Sometimes we exaggerate the poverty and penury that exist in this State. Back in the 1980s and 1990s I was the sole earner as a lowly-paid primary schoolteacher and we had three kids. We got no State handouts other than the children's allowance, which was meagre enough at the time. We got no SUSI grants. We did that because we made the conscious decision that one of the parents would stay at home and bring up the kids. That decision took all this business of childcare out of it. Essentially, what we were doing was sentencing ourselves to a life of penury then but I rejoice that the investment paid off so well in the fact that we have brought up kids who are contributing hugely to the economy and are a credit to themselves and, I hope, are a credit to their parents. That was done with remarkable effort. There was no such thing as entertainment for a lot of families then. People lived inside. The television was the only entertainment. As for getting grants for laptops, laptops were unheard of and if they were, we would not be getting them.
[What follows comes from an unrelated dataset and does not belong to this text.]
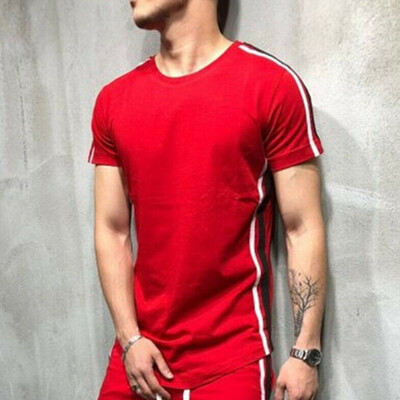 

Stylish Hot Sale Men Short Sleeve O-neck Stitching Slim Fit T-shirt Top Gentlemen Summer Daily Casual Comfortable Clothing -3XL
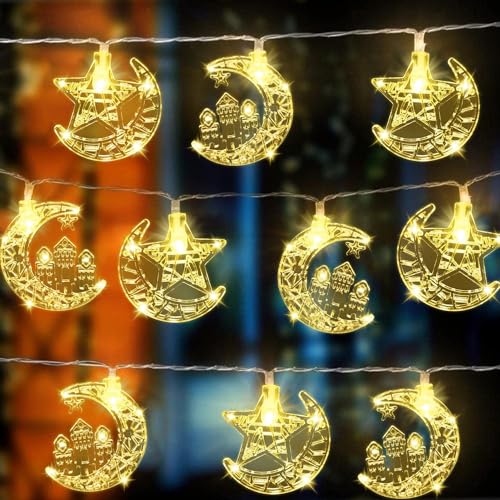 3.2M Ramadan Lichterkette,20LED Muslim Eid LED String,Eid Ramadan Laternen Lichterkette,Lichterketten für Eid Dekorationen,LED Muslim Ramadan Licht,Eid Mubarak Licht,Stern Mond Lichterketten von Sunshine smile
That sort of stuff did not exist at all. Even the most minuscule level of income, if people were working in the public service, rendered them ineligible for a SUSI or as it was then, a county council grant.
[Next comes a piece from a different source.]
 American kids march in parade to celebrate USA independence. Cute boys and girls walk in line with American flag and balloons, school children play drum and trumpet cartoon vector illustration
When we talk about measures that we can take to battle these outrageous happenings in the Middle East and Ukraine, we have to be prudent and look at our own finances because, as a country, we cannot continue to have a knee-jerk response with bailouts and dole outs. They are very necessary at the moment but sooner or later, the pot of money will run dry and nobody will thank us, as two Legislatures here, if we responded in a populist way slinging money at the problems that occur. We have to take practical measures. They do not cost money in the first place but generate a big saving. My suggestion of a reduced national speed limit, as they say nowadays in that awful cliché, has to be a no-brainer.
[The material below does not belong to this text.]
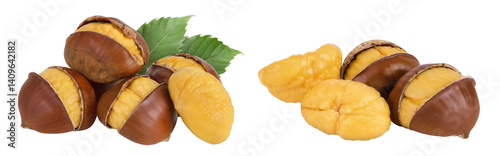 roasted peeled chestnut isolated on white background wit full depth of field.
I applaud the level of response by the Government. It has been generous. I applaud it with a very strongly flashing amber light because I am very worried about a constant repetition of intervention and paying off interest groups. There was a trade unionist in the 1980s called Sid Weighell who was the head of the National Union of Railwaymen and he used to say that people got money because of the “philosophy of the pig trough - those with the biggest snouts get the biggest share". We have to watch the interest groups who cry the loudest and look after the purse that belongs to the average Joe.